Эта несчастная женщина уже не помнила, где ее дом. Когда темнело, она поднималась на ноги и принималась бродить по улицам и переулкам Лючжэни в поисках пристанища. В глубокой ночи мать Сунь Вэя бесшумно ходила здесь и там по поселку, как привидение, пугая случайных встречных. Те начинали вопить «ой, мамочки!» и едва не расставались с жизнью. Потом она забыла и место смерти сына. Целыми днями мать Сунь Вэя спешила куда-то, словно боясь не успеть на поезд. Она быстро шла в одну сторону и быстро кидалась в другую, выкрикивая все время имя сына, словно зазывая его на обед:
— Сунь Вэй! Сунь Вэй!
А совсем потом мать Сунь Вэя пропала из нашей Лючжэни. Прошло без малого несколько месяцев, прежде чем наши лючжэньские вспомнили про то, что давненько ее не видели. Все стали справляться друг у друга: эта, как его, мать Сунь Вэя — чего это она вдруг испарилась? Двое прижизненных дружков Сунь Вэя, Чжао и Лю, знали, куда она пошла. Встав посреди толпы, они помахали руками в южном направлении:
— Ушла она, давным-давно ушла.
— Ушла? — интересовался народ. — А куда это она пошла?
— Пошла в деревню.
Очень может статься, что Чжао и Лю были последними, кто видел мать Сунь Вэя. В тот день вечером они как раз удили рыбу с моста у южных ворот, когда заметили ее. На ней самым неожиданным образом оказалось даже что-то надето.

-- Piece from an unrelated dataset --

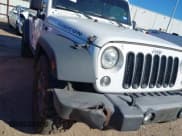 ✅ 2017 Jeep Wrangler Unlimited Rubicon • VIN: 1C4BJWFG3HL597572 • Lot: 40877947. Wystawiony na IAAI z przebiegiem 162 923 mil. Bezpłatny archiwum sprzedaży aukcyjnych z USA i szczegółowy raport historii pojazdu na DreamBid. Zdjęcie 6.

Эту одежду как-то вечером натянула на нее потихоньку Тетка Су, не забыв и про штаны. Правда, когда мать Сунь Вэя выходила из южных ворот, штаны куда-то делись. В тот день у нее начались месячные, и, когда она шла по мосту, свежая кровь стекала по ее ногам на доски. От этой картины Чжао и Лю застыли с открытыми ртами.